Brent decreased 1.4% after falling 8.5% on Tuesday in its biggest decline since 2011 before U.S. stockpiles data. The price of the commodity has halved in the past year, cutting Malaysia’s export earnings and contributing to a 25 percent slide in the ringgit. The FTSE Bursa Malaysia KLCI Index of stocks closed lower as other Asian equities dropped on concern about a slowdown in global economic growth.

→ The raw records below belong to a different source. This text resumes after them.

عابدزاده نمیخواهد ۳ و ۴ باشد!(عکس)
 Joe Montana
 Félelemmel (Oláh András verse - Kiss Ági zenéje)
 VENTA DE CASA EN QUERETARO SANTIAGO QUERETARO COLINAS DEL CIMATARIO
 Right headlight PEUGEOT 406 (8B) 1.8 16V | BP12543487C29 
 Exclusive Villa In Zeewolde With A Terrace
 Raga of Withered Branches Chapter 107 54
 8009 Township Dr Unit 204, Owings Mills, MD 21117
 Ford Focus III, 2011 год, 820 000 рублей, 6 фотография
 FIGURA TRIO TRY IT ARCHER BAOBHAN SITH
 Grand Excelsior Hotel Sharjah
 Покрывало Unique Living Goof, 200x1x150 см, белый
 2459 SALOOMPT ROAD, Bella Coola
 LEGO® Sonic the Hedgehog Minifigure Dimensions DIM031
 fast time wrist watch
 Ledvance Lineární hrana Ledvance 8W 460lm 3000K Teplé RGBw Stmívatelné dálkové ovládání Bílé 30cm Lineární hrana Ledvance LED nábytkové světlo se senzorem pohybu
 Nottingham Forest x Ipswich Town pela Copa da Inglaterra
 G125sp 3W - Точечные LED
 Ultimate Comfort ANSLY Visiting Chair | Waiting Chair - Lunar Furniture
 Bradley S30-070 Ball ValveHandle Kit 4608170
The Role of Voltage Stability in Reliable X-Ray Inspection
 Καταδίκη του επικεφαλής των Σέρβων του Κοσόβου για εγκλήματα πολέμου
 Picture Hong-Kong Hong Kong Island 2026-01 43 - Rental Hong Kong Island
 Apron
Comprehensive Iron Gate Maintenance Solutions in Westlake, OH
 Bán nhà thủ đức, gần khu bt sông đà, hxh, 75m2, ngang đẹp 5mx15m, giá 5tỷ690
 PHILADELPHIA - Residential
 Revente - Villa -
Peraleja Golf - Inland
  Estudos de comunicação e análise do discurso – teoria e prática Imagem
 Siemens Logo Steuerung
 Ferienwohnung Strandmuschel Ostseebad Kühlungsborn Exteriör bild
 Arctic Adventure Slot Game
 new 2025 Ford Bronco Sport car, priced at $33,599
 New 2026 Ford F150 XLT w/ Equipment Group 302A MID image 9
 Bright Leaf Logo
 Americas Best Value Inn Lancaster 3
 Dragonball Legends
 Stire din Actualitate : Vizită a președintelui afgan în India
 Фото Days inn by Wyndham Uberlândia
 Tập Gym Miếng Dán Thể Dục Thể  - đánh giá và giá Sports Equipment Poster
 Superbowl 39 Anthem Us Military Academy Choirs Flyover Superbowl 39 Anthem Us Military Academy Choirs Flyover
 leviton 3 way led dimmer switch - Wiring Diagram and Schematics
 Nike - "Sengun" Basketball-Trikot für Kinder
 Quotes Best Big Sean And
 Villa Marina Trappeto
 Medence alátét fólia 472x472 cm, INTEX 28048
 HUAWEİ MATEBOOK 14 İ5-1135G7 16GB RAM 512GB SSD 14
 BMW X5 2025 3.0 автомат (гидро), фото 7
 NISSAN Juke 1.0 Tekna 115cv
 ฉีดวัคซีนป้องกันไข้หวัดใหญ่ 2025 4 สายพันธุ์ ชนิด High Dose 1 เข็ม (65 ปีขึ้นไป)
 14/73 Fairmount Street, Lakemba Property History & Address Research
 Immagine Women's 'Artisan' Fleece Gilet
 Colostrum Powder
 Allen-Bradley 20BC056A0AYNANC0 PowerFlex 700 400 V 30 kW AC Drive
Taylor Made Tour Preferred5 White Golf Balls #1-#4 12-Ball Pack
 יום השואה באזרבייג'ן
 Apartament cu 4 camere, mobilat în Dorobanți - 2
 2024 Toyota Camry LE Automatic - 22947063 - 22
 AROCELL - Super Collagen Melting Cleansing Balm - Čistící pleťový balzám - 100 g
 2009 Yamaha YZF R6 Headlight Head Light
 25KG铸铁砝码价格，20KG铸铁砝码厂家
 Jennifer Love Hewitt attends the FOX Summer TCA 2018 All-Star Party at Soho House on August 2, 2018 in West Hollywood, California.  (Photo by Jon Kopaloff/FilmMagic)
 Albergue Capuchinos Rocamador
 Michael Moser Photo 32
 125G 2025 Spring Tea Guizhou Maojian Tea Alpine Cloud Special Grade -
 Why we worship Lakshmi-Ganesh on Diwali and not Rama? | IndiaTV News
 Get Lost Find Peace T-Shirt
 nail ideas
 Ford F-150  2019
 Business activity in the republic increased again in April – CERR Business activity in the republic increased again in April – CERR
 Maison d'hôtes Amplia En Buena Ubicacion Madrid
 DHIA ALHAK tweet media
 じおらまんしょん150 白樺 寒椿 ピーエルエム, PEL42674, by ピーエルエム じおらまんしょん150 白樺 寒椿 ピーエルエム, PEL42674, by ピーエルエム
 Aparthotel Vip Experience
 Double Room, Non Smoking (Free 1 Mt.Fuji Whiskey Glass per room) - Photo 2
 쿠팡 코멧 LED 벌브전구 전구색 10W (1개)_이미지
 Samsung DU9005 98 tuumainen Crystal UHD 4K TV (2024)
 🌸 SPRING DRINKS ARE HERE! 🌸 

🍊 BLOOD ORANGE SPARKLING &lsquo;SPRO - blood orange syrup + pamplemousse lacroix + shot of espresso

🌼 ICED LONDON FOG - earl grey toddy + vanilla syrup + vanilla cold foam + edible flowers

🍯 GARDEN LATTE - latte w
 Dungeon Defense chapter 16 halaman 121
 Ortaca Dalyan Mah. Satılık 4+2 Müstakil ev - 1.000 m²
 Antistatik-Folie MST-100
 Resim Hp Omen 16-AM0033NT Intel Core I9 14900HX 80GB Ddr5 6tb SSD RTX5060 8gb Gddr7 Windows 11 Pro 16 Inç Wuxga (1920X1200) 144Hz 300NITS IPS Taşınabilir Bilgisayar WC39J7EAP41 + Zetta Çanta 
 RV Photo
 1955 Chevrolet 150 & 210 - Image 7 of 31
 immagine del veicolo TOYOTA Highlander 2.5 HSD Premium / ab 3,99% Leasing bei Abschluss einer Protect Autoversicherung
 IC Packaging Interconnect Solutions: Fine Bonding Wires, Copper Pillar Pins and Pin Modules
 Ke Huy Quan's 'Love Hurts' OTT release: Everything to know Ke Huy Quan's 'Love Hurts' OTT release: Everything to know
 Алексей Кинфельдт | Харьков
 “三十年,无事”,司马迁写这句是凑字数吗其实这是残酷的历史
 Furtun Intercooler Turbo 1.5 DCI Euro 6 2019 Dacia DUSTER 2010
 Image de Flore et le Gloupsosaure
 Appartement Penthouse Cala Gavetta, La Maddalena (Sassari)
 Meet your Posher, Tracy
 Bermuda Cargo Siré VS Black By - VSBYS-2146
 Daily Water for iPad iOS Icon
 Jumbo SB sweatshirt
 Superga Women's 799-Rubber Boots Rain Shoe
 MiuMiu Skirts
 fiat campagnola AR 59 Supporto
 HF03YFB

An overnight drop in emerging-market currencies and a retreat in Brent “should see Asia falling back in line with the rest of the world where risk appetite remains impaired,” said Nizam Idris, the Singapore-based head of foreign-exchange and fixed-income strategy at Macquarie Bank Ltd. “Oil has been volatile.”

The ringgit weakened 1.1% to 4.2110 a dollar in Kuala Lumpur, the steepest decline in Asia, according to prices from local banks compiled by Bloomberg. It reached a 17-year low of 4.2990 on Aug 26. The FTSE Bursa Malaysia KLCI Index was down 1.2%.

A report Tuesday showing China’s official gauge of manufacturing fell to a three-year low last month fueled further concern that growth in Malaysia’s biggest export market is slowing. Data on Friday may show overseas shipments from the Southeast Asian nation increased 3.2% in July, from a year earlier, slowing from 5% the previous month, according to the median estimate in a Bloomberg survey.

The 10-year government bond yield rose four basis points to 4.27%, after dropping 17 basis points on Tuesday, Bursa Malaysia prices show.